Pharmacological Activation of GPR68 Attenuates Ferroptosis in Spinal Cord Ischemia/Reperfusion Injury Through PI3K/Akt-Mediated Nrf2 Antioxidant Pathway

Spinal cord ischemia-reperfusion injury (SCIRI) is a devastating condition with limited therapeutic options.
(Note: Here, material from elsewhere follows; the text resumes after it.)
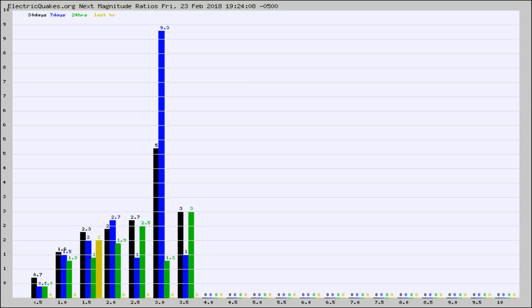Again, the black column is 30 days, blue is 7, green is 24 hours, and gold is in the last hour.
This study unveils a novel role of G protein-coupled receptor 68 (GPR68), a pH-sensing G protein-coupled receptor (GPCR), in mitigating ferroptosis-a lipid peroxidation-driven cell death-through the Phosphoinositide 3-Kinase/ Protein Kinase B/ Nuclear Factor Erythroid 2-Related Factor 2 (PI3K/Akt/Nrf2) antioxidant axis. Using in vitro (Oxygen-Glucose Deprivation/Reperfusion (OGD/R)-treated Pheochromocytoma Cell Line 12 (PC12) cells ) and in vivo (rat spinal cord ischemia-reperfusion (I/R) ) models, we demonstrate that GPR68 downregulation exacerbates Ferroptosis, evidenced by elevated Acyl-CoA Synthetase Long-Chain Family Member 4 (ACSL4), Malondialdehyde (MDA), and Oxidized Glutathione/ Total Glutathione (GSSG/T-GSH) levels, alongside reduced Solute Carrier Family 7 Member 11 (SLC7A11) and Glutathione Peroxidase 4 (GPX4). Pharmacological activation of GPR68 with MS48107 or the clinically approved benzodiazepine Lorazepam robustly reversed Ferroptosis by enhancing Akt phosphorylation and Nrf2 nuclear translocation. Mechanistically, GPR68 siRNA or PI3K/Akt inhibition abolished these protective effects. Crucially, Lorazepam rescued neuronal viability and suppressed Ferroptosis in spinal I/R rats, effects fully negated by the GPR68 antagonist Ogremorphin (OGM). Our findings establish GPR68 as a key Ferroptosis regulator and propose repurposing Lorazepam as a therapeutic strategy for SCIRI.

Ferroptosis; GPR68; Ischemia-reperfusion; PI3K/Akt-Nrf2 axis; Spinal cord injury.